Recently, I feared the worst for the world's dwindling Sumatran striped rabbit population, one of the rarest members of the Leporidae family. Having read a few of the Tweets directed at novelist Jeanette Winterson, in response to her public killing of a rabbit, I naturally assumed that the sicko must have either tortured some poor bunny for several hours before bludgeoning it to death with a hammer, or have thoughtlessly killed the last of a highly endangered species. Such was the venom directed at her from the Twittersphere.
Turns out she did neither. Jeanette had merely cleanly dispatched one of the garden (raiding) variety (yes, the one that numbers in excess of 40 million in the UK), before turning it into a delicious casserole. Shock! Horror! Woman eats rabbit. What a story. After my initial relief at hearing that the last of Sumatra's precious rabbits hadn't snuffed it, I was left feeling a mixture of anger and concern; my fellow Britons had apparently lost the plot entirely.
A few days later, however, I was most relieved to hear that Britain might not be turning into a nation of extremist bunny-hugging vegetarians, after all.
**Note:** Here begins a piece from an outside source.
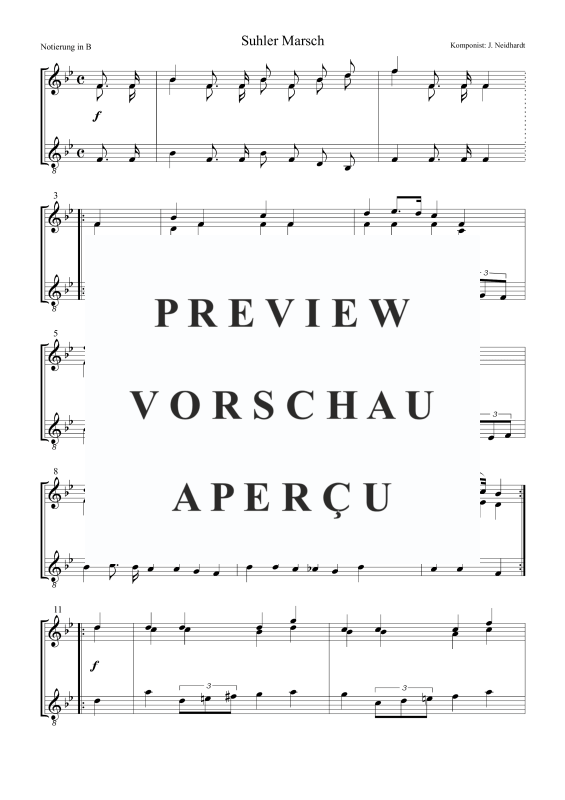 Produktgalerie: Seite 4 von 5 Suhler Marsch, , Posaunenchor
I was at London's two Michelin-starred The Ledbury – which was recently ranked in the top ten restaurants in the world – speaking to chef proprietor Brett Graham. “Game and venison have never been more popular in the UK,” he said, his words like Beethoven's Moonlight Sonata to a jack hammerer's ears.
“I think people are, on the whole, becoming more willing to try different things.” And he should know; he is not only one of the world's best chefs, but is particularly keen on using natural and wild ingredients, rabbit included. “Between the Harwood Arms (the Michelin-starred London gastropub that Brett co-owns with Mike Robinson) and The Ledbury, we sell as much game and venison as anyone else, maybe more. And let me tell you, British diners are definitely becoming more open-minded about eating different things.” Phew.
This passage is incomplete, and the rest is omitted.